It's funny, this may be the absolute sexiest conversation I've had with her in eight months. And yet, we are fully clothed. I remember something I read recently about sex in long-term relationships, how it is a balancing act between the need to feel secure with a partner and the need to be surprised and stimulated by the same partner. I need to go back and read that. I think it's also a process of balancing your fears and inhibitions with the desire to explore and experiment.

I realize that every serious conversation I have with her, I start with my heart so intensely sitting in my throat. It feels like I am choking on the words, coughing up nonsense and fear. But instead of falling, instead of flailing my arms as the abyss rises around me, she pulls me in to catch me. 

I hope I do the same for her, but the truth is, I'm not sure I'll ever know. 

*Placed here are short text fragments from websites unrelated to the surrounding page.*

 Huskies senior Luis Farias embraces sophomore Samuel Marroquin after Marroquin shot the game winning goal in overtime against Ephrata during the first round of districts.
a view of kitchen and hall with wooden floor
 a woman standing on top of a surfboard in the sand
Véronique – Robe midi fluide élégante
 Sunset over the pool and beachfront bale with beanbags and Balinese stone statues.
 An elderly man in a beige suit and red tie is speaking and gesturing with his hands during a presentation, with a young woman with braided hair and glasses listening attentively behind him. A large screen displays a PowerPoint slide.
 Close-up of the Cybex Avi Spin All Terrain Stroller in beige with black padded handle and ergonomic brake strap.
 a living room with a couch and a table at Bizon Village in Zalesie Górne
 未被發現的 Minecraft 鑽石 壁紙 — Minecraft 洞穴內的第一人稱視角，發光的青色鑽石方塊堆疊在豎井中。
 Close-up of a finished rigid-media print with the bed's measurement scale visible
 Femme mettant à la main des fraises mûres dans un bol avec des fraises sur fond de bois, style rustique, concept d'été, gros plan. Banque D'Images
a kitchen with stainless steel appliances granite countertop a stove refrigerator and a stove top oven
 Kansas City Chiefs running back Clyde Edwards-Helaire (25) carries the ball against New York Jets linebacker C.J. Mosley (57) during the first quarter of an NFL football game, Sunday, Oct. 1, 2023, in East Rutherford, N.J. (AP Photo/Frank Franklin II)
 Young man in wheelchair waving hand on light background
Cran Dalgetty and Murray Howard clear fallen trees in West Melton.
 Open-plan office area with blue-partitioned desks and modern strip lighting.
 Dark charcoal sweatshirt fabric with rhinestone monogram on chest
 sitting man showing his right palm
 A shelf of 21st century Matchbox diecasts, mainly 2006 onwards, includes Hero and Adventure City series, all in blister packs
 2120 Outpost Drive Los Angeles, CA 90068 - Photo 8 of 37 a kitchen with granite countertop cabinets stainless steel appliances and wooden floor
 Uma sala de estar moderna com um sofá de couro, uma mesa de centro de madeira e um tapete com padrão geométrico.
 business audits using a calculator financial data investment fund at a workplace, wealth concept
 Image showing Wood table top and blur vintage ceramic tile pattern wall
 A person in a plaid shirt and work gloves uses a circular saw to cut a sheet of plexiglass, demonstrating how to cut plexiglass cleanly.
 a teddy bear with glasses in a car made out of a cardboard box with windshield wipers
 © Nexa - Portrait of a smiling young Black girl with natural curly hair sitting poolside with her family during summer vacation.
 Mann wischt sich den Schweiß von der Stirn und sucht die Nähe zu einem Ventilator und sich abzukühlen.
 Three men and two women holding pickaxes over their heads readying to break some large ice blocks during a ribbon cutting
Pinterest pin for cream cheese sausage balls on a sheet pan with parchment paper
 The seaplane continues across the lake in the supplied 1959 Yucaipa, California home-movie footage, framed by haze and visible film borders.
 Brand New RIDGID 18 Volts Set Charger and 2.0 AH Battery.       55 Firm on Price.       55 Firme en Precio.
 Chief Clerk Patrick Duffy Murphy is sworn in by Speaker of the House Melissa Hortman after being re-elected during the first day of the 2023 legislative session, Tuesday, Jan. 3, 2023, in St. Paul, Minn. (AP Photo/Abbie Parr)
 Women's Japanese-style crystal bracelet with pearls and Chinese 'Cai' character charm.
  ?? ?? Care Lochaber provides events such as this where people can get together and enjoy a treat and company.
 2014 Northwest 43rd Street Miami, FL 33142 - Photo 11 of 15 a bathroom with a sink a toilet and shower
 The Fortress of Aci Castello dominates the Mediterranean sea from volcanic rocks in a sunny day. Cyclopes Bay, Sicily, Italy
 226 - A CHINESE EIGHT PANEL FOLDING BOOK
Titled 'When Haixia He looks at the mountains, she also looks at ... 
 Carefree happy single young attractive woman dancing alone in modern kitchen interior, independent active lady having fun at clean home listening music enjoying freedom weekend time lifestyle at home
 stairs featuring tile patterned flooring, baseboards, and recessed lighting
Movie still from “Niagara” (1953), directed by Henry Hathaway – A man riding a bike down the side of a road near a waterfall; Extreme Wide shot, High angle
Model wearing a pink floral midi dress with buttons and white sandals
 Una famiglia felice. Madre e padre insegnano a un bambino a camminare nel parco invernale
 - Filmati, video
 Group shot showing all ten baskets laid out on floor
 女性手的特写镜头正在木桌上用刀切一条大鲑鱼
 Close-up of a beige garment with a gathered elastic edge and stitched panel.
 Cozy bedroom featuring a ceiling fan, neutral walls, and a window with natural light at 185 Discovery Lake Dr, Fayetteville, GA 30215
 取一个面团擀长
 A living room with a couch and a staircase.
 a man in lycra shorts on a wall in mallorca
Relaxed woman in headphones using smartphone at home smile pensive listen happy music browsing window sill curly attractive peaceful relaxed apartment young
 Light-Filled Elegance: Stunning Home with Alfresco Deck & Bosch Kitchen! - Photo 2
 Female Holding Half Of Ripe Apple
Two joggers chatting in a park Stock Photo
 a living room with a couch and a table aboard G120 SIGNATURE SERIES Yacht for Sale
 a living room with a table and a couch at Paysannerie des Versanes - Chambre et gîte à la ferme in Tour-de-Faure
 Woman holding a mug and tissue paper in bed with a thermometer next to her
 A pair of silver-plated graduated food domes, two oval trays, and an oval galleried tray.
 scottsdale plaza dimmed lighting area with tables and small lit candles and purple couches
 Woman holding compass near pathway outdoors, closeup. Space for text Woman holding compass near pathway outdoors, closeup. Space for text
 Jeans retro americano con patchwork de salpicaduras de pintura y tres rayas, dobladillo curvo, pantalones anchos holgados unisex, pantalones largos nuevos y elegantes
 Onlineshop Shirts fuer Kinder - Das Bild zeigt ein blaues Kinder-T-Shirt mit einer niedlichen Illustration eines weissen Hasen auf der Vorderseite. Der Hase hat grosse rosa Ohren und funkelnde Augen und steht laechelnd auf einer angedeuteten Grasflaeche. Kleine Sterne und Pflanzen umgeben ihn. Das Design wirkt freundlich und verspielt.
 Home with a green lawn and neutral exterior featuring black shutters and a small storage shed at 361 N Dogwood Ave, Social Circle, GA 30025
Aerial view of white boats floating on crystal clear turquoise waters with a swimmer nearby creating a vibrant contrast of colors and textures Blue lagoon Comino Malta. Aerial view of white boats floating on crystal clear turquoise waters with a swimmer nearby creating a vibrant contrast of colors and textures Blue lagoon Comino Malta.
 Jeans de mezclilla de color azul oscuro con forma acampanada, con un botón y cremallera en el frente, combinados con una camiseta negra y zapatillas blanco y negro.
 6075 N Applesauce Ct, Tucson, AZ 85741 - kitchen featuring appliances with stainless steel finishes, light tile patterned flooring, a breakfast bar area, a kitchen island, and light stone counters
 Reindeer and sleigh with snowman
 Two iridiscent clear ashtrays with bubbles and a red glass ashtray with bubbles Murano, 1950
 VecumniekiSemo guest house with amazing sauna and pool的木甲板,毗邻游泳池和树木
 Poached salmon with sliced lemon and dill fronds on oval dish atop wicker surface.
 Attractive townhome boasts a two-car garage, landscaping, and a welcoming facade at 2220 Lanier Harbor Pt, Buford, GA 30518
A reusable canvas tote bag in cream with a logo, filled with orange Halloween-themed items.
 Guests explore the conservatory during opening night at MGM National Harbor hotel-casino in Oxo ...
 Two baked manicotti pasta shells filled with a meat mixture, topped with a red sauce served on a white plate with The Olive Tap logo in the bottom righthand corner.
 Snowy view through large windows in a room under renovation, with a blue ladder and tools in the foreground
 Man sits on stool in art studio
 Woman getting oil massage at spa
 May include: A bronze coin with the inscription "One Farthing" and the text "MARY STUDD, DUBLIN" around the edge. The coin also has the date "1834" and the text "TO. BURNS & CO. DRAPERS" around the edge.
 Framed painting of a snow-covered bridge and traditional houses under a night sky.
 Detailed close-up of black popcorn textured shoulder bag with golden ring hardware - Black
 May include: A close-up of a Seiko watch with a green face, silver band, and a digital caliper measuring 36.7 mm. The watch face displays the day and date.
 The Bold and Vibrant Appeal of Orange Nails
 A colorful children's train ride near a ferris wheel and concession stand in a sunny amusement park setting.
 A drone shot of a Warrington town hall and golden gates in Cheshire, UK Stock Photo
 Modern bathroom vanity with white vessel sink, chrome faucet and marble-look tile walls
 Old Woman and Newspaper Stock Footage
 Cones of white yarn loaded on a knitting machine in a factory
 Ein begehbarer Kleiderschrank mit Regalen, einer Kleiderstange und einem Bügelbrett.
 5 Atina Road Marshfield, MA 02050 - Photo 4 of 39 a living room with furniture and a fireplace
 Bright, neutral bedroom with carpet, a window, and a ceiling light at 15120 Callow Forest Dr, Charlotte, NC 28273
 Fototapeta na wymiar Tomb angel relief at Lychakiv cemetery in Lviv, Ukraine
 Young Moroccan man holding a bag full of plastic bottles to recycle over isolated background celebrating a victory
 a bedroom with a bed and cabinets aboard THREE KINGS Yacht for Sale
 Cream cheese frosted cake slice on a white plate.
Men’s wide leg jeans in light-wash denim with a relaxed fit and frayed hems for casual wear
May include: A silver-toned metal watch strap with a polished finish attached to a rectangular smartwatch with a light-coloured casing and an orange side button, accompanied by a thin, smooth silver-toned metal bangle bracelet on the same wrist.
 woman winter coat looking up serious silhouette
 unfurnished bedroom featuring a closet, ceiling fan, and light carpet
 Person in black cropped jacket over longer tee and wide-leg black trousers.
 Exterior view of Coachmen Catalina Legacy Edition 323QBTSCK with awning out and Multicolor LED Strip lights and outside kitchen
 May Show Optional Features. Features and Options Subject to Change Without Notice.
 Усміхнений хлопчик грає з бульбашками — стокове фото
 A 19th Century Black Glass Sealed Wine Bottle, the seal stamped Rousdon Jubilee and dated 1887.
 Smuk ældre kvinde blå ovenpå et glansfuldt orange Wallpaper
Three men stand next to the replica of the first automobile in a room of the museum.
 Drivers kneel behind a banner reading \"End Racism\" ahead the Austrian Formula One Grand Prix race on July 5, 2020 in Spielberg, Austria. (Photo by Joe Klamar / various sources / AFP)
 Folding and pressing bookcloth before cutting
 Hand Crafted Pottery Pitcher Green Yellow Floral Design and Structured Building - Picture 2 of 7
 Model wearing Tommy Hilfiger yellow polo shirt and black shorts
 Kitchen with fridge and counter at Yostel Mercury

I do know that this is the right door to walk through. Confessing my fears to her has never left me regretful -- only relieved. It takes a lot of fighting through the haze of fear. But I'm getting it. I will get better at this. It will get easier. Maybe I will make fewer mistakes this time, or at least, I will make different ones. That's probably the best I can hope for. I'm not under the illusion that fairy tales exist or that love cures. But I have to believe I am capable of learning and change.

Monday, December 24, 2012

Oh, Please, Mister Father Tree

I wrote this story years ago, maybe when I was in high school, maybe when I was in college. It's hard to tell, because I write stories and leave them in poorly marked, unspecified files for myself to try to find years later. (Don't ask me how my photos are stored, ugh). But this story has to be at least six or seven years old. Some things have changed since then, some haven't. The sentiment of the holidays both as an intensely painful time and as a time of joy sticks with me to this day. 

I leave you with this story, but I hope that if it rings too close to home and too true, that you find something about the holidays that you love, and keep it close by for comfort. We all get to write the stories of our lives, for better or worse, and I hope to keep writing better futures. 


         I believed in Santa Claus until I was thirteen. That was the year my father left, and winter came colder than I ever remembered. I don’t know if I hugged him goodbye. Years later that night is all a blur. He had a late flight, and my last vague memory was him standing in our dimly-lit kitchen with his suitcase. He probably tried to force me to hug him. I don’t know when he decided to leave, just that one day he was there and the next day he wasn’t. My mom didn’t drive him to the airport – he called a taxi, probably the only one in our little Mississippi town.

          When he left, there were no eggshells or rooms to avoid. We could be too quiet or too loud, we could play on the computer late, we didn’t worry about food disappearing from the fridge.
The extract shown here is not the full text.